On a last note, i had a great Bank Holiday watching all the Jubilee festivities and that amazing concert! Very proud to be British right now. Roll on the Olympics!
Hope you all had a good one too.
A xxxx
Yes, I loved the weekend too
Hope the time with your eldest will go well. I have seen the thing where a parent offloads onto the eldest child quite a lot, although I have to say that it more often occurs with the parent who has day to day care. You did absolutely the right thing in telling her that her dad's problems are not her responsibility, and this time with her will reinforce the "security" of home.
Hi Manc-lass, was it this weekend that your youngest was staying with your parents or the next?
I am so glad that you got to talk to your eldest, of course it is not her responsibility, but it is natural for her to worry about her dad. I am annoyed that now he has split with his girlfriend - now, he misses you all, typical!

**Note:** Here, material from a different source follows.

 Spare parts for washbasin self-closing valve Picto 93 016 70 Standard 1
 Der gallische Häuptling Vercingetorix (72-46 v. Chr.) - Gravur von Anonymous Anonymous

Do your girls go to bed at the same time?
Hi everyone,
Youngest is staying at my parents on Friday so plan to go shopping with eldest and maybe a movie after, we`ll see how it goes. Eldest went back to school today after 1/2 term break and obvious she was glad to be back amongst her friends. Both girls generally go to bed within 1/2 hour of each other approx 8.30pm and never had any probs getting up for school.
They are staying at their dad`s on Saturday as `father`s day on sunday` but eldest doesn`t want to stay so not sure yet what to do, as i know he`ll be less than impressed but i understand why she doesn`t want to go. He has rung twice this week and only spoken to youngest, didn`t ask to speak to eldest and told yongest he was all alone and she said his voice sounded ` croaky` ( can you believe it ! ) and she got upset after call ended saying she was worried about him. Seems he wants to stress both girls out!!!! All i can do is keep reminding them that his problems aren`t theirs, but its hard for them both at the minute.
i`ll let you know how the weekend goes.
Take Care
A xxxx
Hello Mancs Lass
I am sorry to hear that the girls are having to go through this. It is not a child's job to look after a parent's emotional health. I am not suggesting that you say it as bluntly as that to the girls as that but I think maybe reminding them gently that he is a grown up and may well be trying to get everyone to feel sorry for him would not go amiss.
Hope this will be a better week
Hi Manc-lass, it sounds as though your daughter may be feeling a little unstable. In your previous post, her dad frightened her by smashing the DVD player in front of them with a hammer. He has also split with his girlfriend so emotionally all over the place too. It sounds as though you and your ex are suddenly getting on slightly better and maybe she is feeling confused.
Is there any chance you can have a one to one quality afternoon with her, mum and daughter, so you can become friends again and have a chat?